=== WHAT YOU HAVE TO DO ===
Pictures are to be left out, and every entry repeated exactly.
(Beginning of DATA FOR PROCESSING)
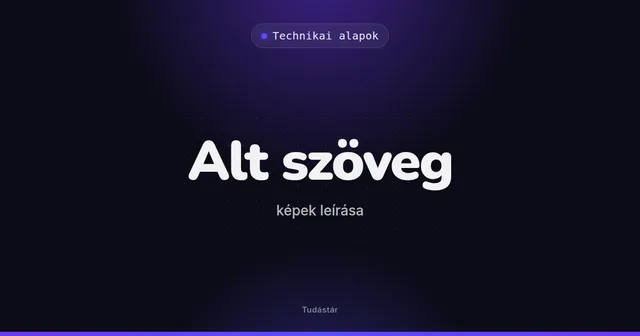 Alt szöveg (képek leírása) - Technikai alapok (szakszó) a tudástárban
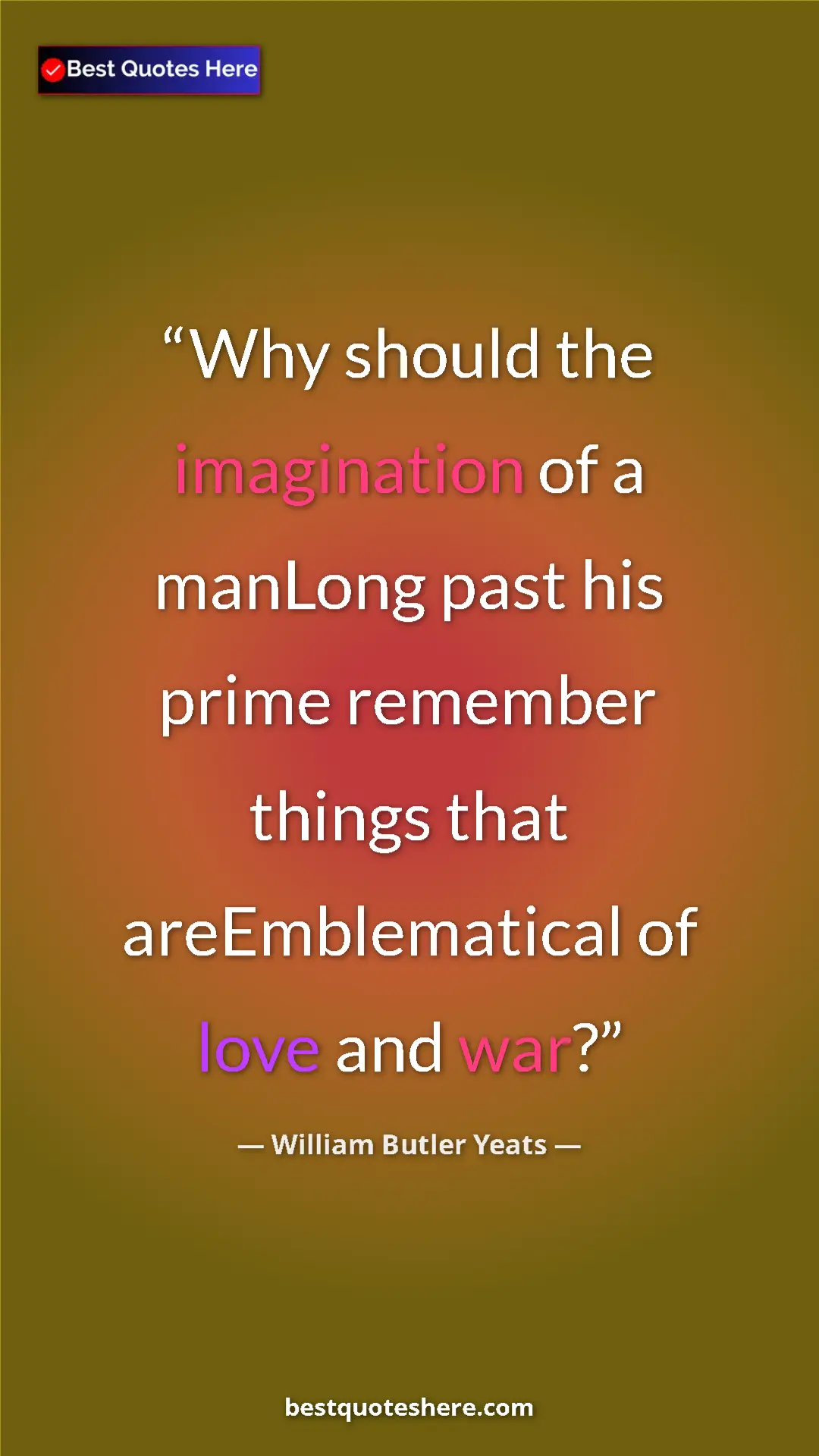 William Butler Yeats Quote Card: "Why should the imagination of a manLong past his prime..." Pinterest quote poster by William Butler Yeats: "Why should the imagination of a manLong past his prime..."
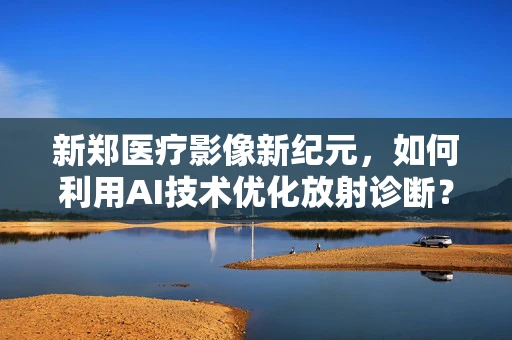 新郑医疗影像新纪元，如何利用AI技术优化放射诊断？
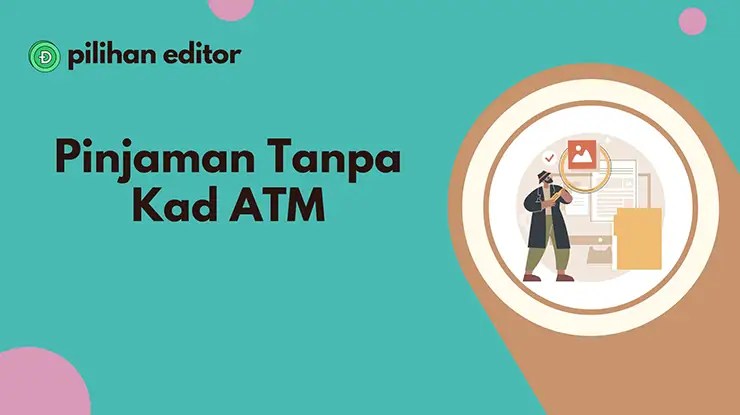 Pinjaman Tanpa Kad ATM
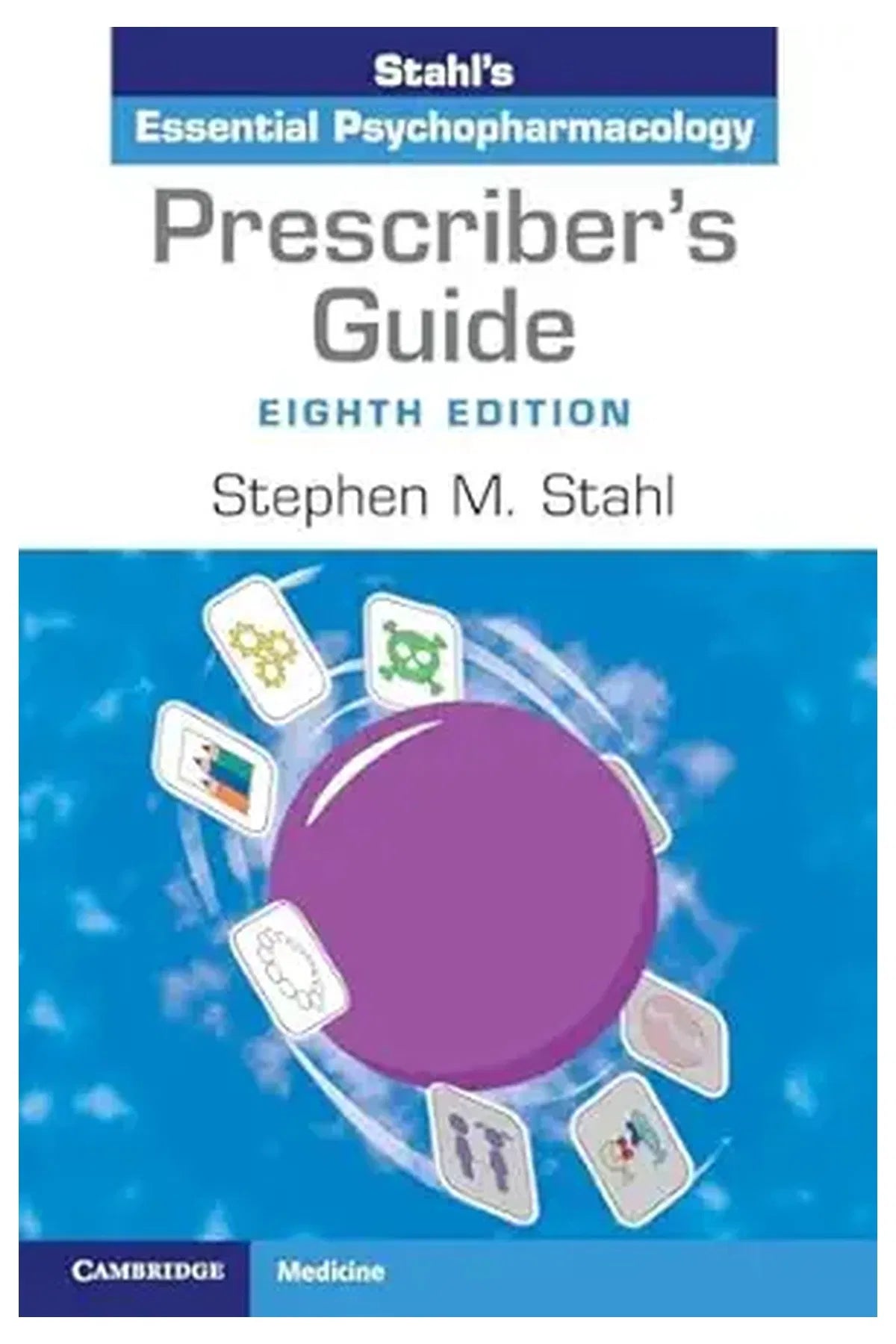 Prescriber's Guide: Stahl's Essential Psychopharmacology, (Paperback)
(End of DATA FOR PROCESSING)
=== TASK OUTPUT ===
 Alt szöveg (képek leírása) - Technikai alapok (szakszó) a tudástárban
 William Butler Yeats Quote Card: "Why should the imagination of a manLong past his prime..." Pinterest quote poster by William Butler Yeats: "Why should the imagination of a manLong past his prime..."
 新郑医疗影像新纪元，如何利用AI技术优化放射诊断？
 Pinjaman Tanpa Kad ATM
 Prescriber's Guide: Stahl's Essential Psychopharmacology, (Paperback)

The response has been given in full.